“The Golden Spoon” - Jessa Maxwell
🥧I really wanted to enjoy this one! Touted as a “Great British Bakeoff meets Clue,” I thought “what’s not to love?!”. The mystery is dangled tantalizingly before the reader in the first chapter, and then for some reason, it is set aside in favor of minutia that hardly seems relevant.
🥧 A GBB-style baking competition is filmed at a sprawling Vermont estate. I felt this was promising: a remote, Gothic-style manse, a limited cast of suspects present, a dark and stormy night … TGS had all the makings of an Americanized English country house murder mystery.

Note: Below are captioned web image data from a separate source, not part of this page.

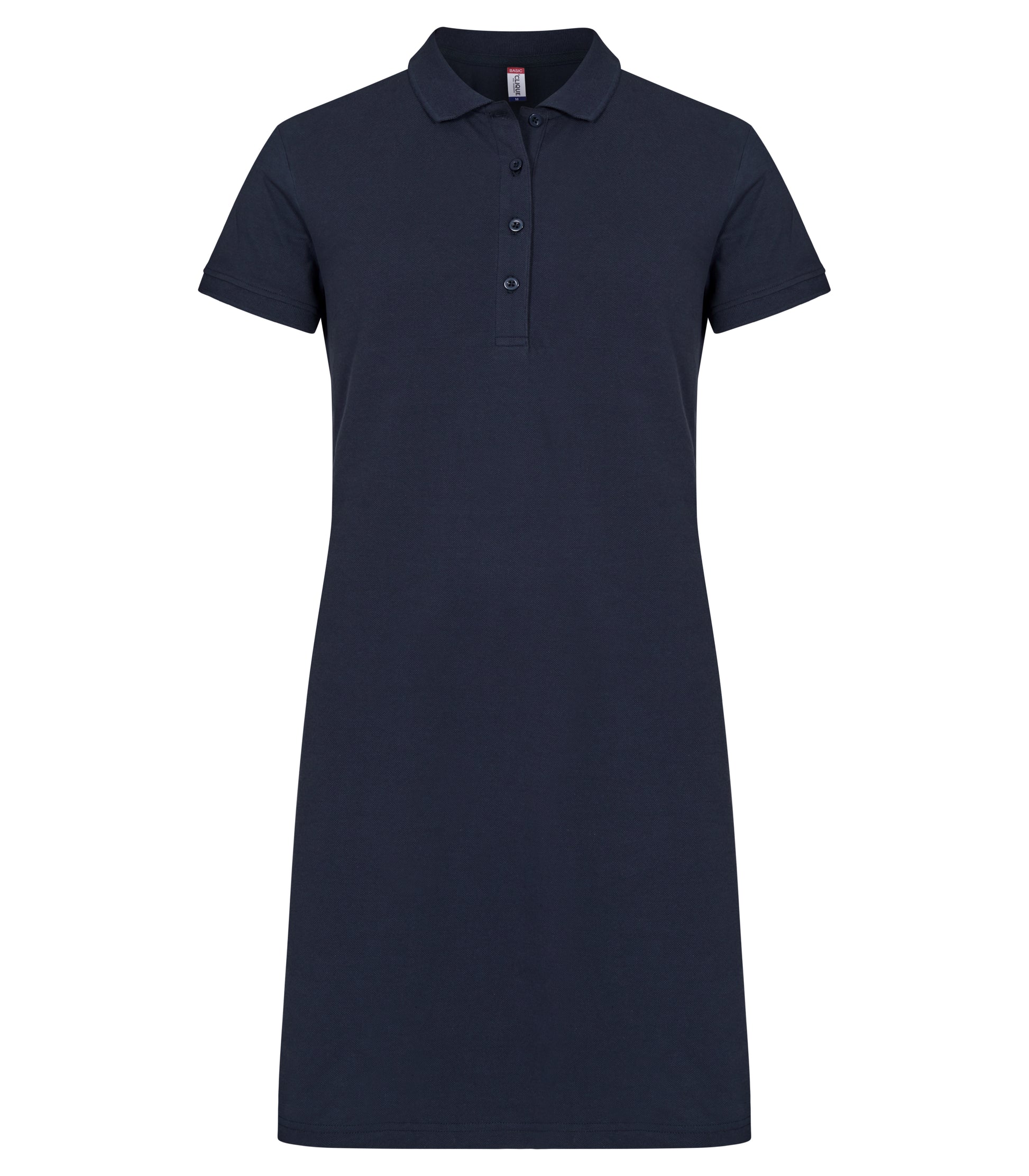 Polokleid Marietta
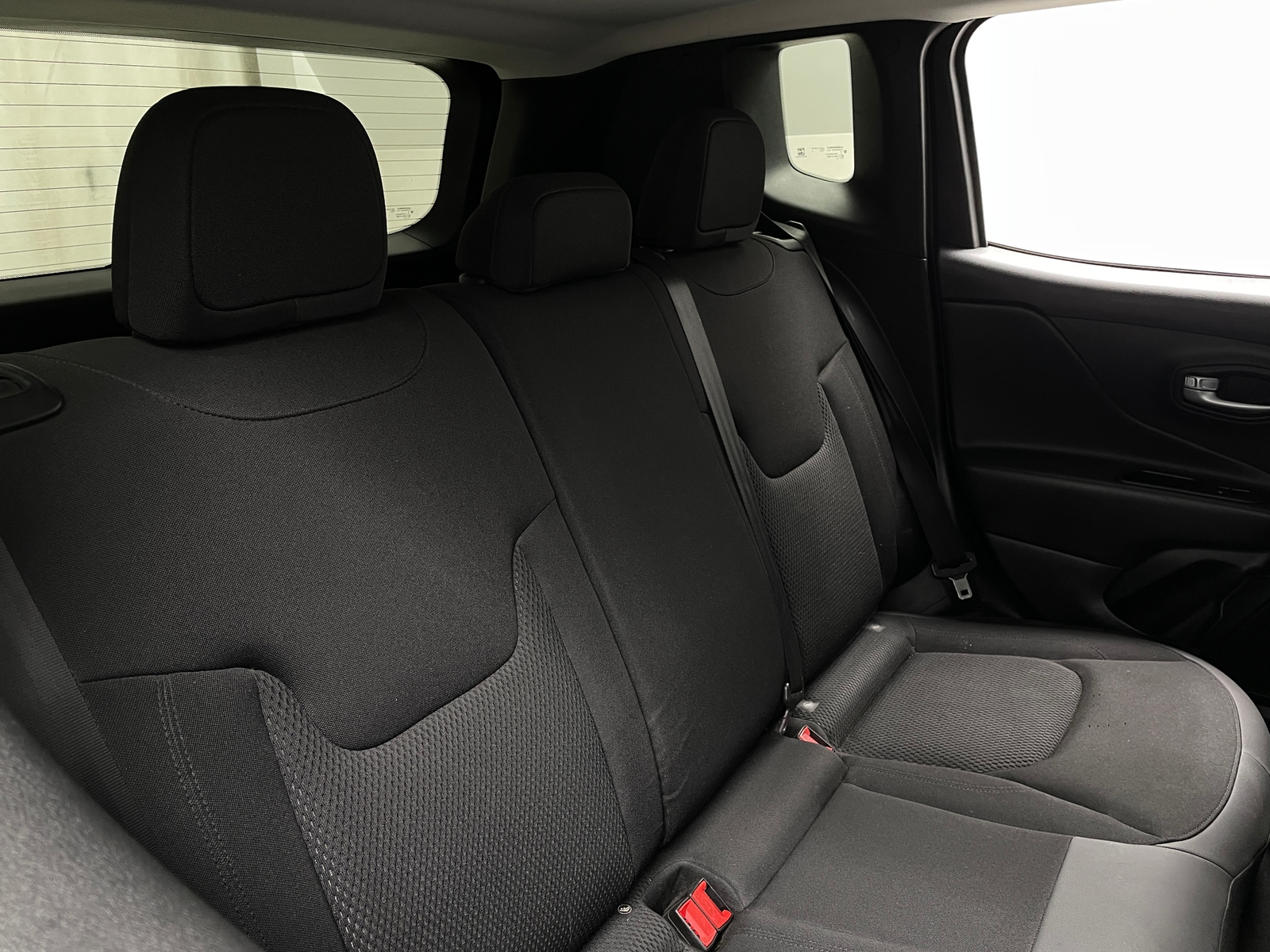 Thumbnail: 2019 Jeep Renegade - 6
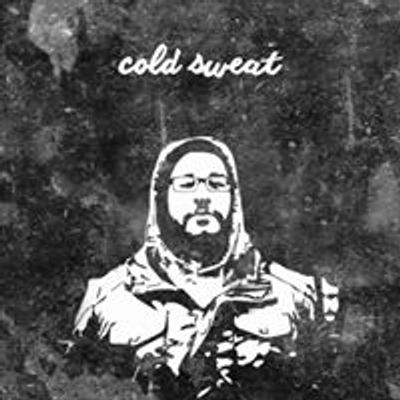 Cold Sweat - MC/DJ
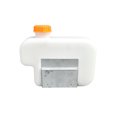 thumbnail image 1 of Langgg Chauffage de Voiture 5L Réservoir de Carburant Huile Véhicule Récréatif Camion Automobile Boîte de Rangement Air Parc de Stationnement Pièces de Rechange Accessoires, 1 of 8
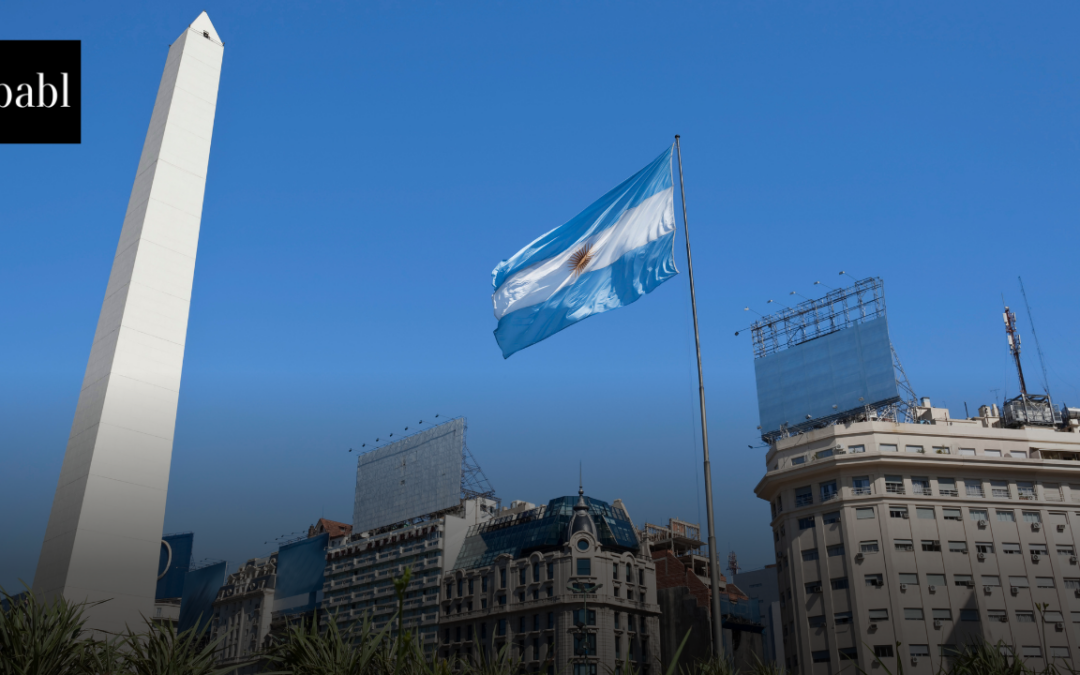 Argentine AAIP Releases New Guidelines for Responsible AI Use, Focusing on Transparency and Data Protection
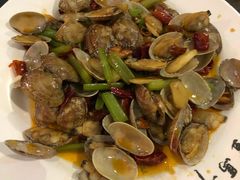 -云的侧面音乐餐吧(丰马牛餐饮广场店)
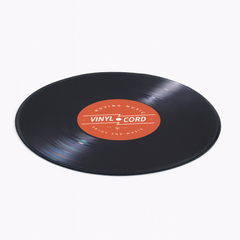 Brateck MP10-17 Stylish Mouse Pad - Black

🥧 The story is told from POV of show’s host, Betsy Martin, and from that of the 6 competitors. The audiobook has a large ensemble cast.
🥧 TGS started out with a smattering of background and then to my delight, dove straight into the action (read: dead body). Sadly, the ensuing chapters detailing the hopes/dreams/backstory of the contestants, was a snooze. I read on earnestly assuming Maxwell was planting important Easter eggs.
🥧 Yet another chapter filled with the excruciating details of Stella’s hyper-emotional reactions to literally everything, and I gave up. I had hoped we’d make our way back to what started as an interesting case with a mansion full of secrets and ambitions, but I couldn’t take it anymore.
🥧 I will say that Maxwell expertly captures the milieu of baking competition tv shows, but I came for mystery not pastry. The slow pace comprising of mostly inconsequentially microscopic levels of detail about the contestants, made for a novel that just wasn’t engaging for me.